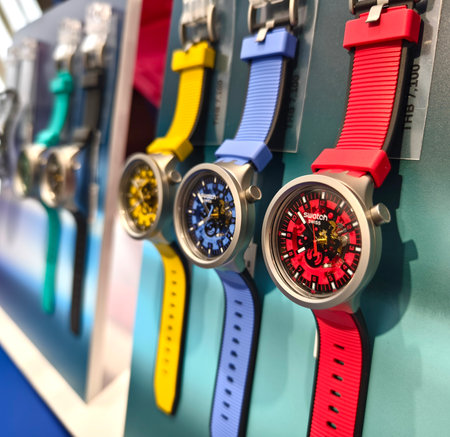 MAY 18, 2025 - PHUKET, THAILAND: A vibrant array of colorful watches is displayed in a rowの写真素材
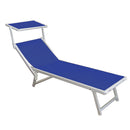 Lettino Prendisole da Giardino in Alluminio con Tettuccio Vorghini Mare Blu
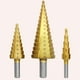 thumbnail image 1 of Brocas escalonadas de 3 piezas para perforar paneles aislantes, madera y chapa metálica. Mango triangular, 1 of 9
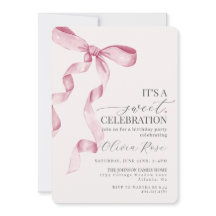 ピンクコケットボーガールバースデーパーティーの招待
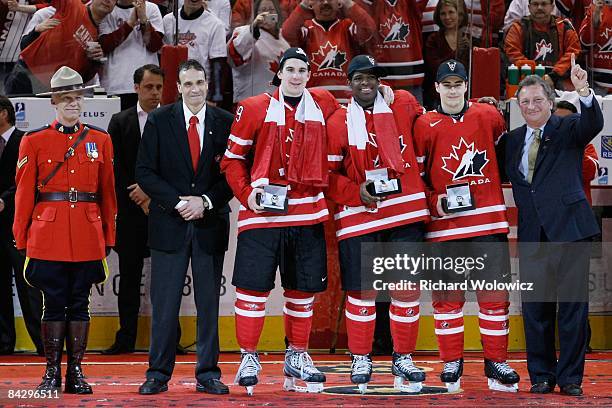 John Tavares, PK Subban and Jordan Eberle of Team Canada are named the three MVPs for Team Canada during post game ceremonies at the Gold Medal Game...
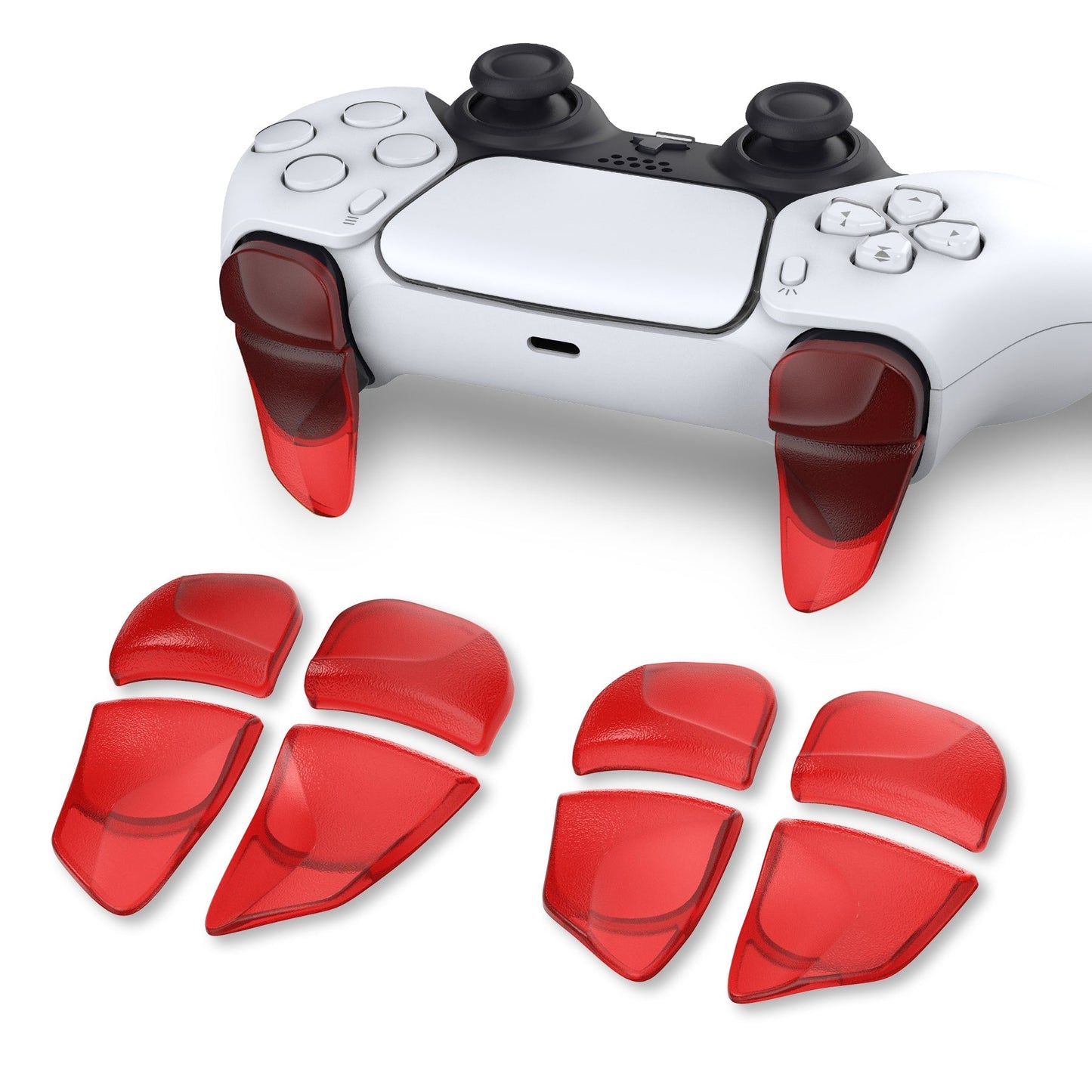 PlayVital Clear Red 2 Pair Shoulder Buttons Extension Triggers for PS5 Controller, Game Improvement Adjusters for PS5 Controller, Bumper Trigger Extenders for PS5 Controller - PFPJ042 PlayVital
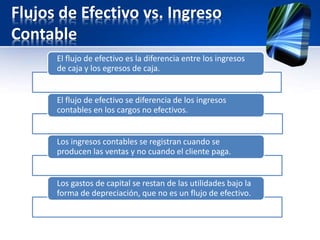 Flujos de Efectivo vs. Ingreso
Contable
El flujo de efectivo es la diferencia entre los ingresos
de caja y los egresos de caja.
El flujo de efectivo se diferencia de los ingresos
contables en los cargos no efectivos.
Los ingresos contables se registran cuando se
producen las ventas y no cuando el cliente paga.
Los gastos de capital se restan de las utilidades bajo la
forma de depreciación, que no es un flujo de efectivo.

--------------------

## Task directions
Beginning with the line with "John Tavares, PK", repeat the entries above exactly, up to and including the last line, leaving out pictures.

## Output of the task
 John Tavares, PK Subban and Jordan Eberle of Team Canada are named the three MVPs for Team Canada during post game ceremonies at the Gold Medal Game...
 PlayVital Clear Red 2 Pair Shoulder Buttons Extension Triggers for PS5 Controller, Game Improvement Adjusters for PS5 Controller, Bumper Trigger Extenders for PS5 Controller - PFPJ042 PlayVital
 Flujos de Efectivo vs. Ingreso
Contable
El flujo de efectivo es la diferencia entre los ingresos
de caja y los egresos de caja.
El flujo de efectivo se diferencia de los ingresos
contables en los cargos no efectivos.
Los ingresos contables se registran cuando se
producen las ventas y no cuando el cliente paga.
Los gastos de capital se restan de las utilidades bajo la
forma de depreciación, que no es un flujo de efectivo.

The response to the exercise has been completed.